Rein In Religious Intolerance, Please!

The Bangladesh Observer
Tuesday, August 17, 2004Internet Edition  

Rein In Religious Intolerance, Please!

Khatme Nabuat, a self-proclaimed guardian of Islam, is once again on the offensive against the Ahmadiya Muslim Jamaat—a minority sect. It has declared that it will pull down the signboard of the sect’s central mosque at Bakshi Bazaar, Dhaka by August 27 next. The declaration comes immediately after the religious zealots’ forcible replacement of the signboard of the Ahmadiya mosque in Khulna by another one, on which is inscribed ‘upasanalya’ (place of worship). This could be done despite the fact that a police cordon was there around the mosque. A similar thing was done with the signboard of a mosque in Chittagong recently.

It is not Khatme Nabuat alone but there are other religious extremist groups like Islami Oikya Jote, a partner of the government, who have waged a hideous campaign against this minority Muslim sect. They are all demanding an official declaration for branding the Ahmadiyas non-Muslims. The mosque of the sect at Nakhalpara, Dhaka, its members, religious institutions and property in Pabna and elsewhere have come under repeated attacks one after another. The administration has hardly done enough to discourage the perpetrators from carrying out such attacks. Rather it buckled in under the pressure of the zealots and banned the Ahmadiya publications. By doing so it send a wrong signal to the zealots.

Clearly, the government has failed to prove that it is a great defender of the religious minorities. Had the UN Human Rights Commission not come heavily upon the record of protecting the rights of the minorities by the government and the US been not critical of the same, the administration possibly would have given in to the wish of the zealots. The rights as guaranteed by the country’s Constitution are none of the government’s concern. In any civilized country, no religious sect is left at the mercy of bigots’ systematic attacks—physical and otherwise. Does Islam approve of such aggression on others’ faiths? What if the Ahmadiyas are less than Muslims? Who has given the Khatme Nabuat or the Islami Oikya Jote the sole agency to make the members of the sect perfect Muslims? The members of the sect will be accountable to Allah alone for their deeds and misdeeds on the day of the final judgement.

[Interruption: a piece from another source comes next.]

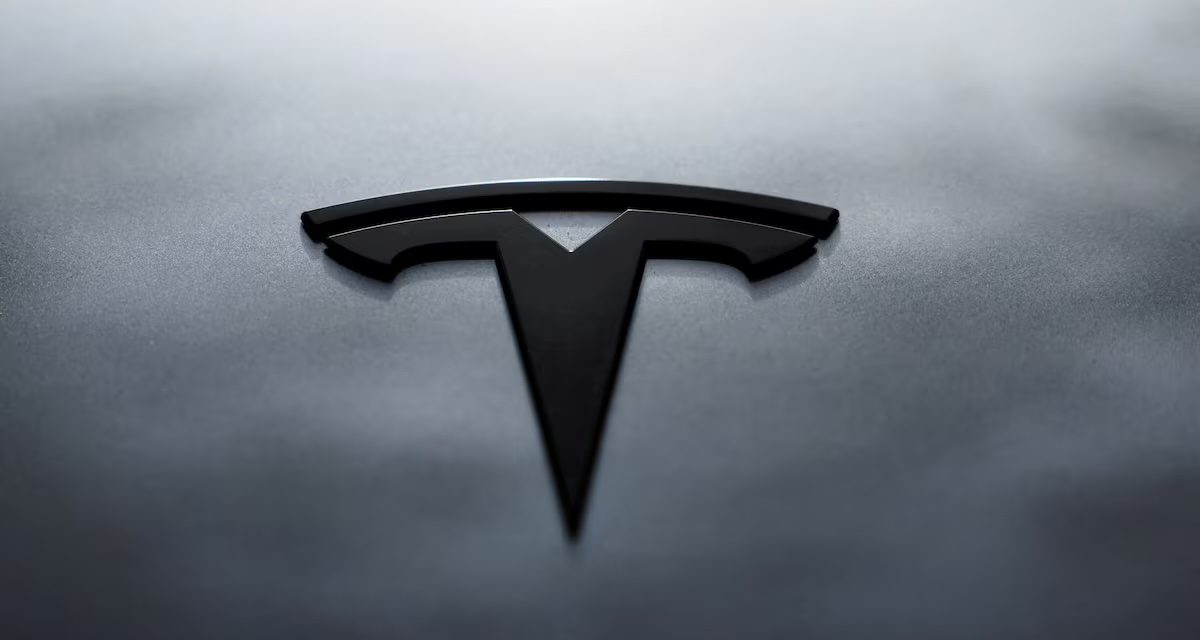 Tesla se enfrenta a un importante juicio por presunta discriminación contra los trabajadores negros, tras años de demandas.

The government has allowed the zealots too much liberty to play with religious sentiment. Now is the time it demonstrated a sense of purpose to rein in the religious aggressors. If people of different faiths cannot live side by side in peace, the flame of intolerance will ultimately consume the members of the same faith. In Bangladesh today, the proportion, manner and dimension of killing have surpassed all previous records in peace time. It is a frightful sight and criminologists and sociologists have a tough job at hand to suggest ways for taking the nation out of this dangerous plight. The culture of political intolerance is now a state-sponsored policy and zealots are taking it to another extreme. The government’s inaction in matters of religious intolerance is almost self-explanatory. Unless it changes its position in favour of the freedom of thought, religion etc., the country’s dangerous drift will continue and no one knows where and how it will end up.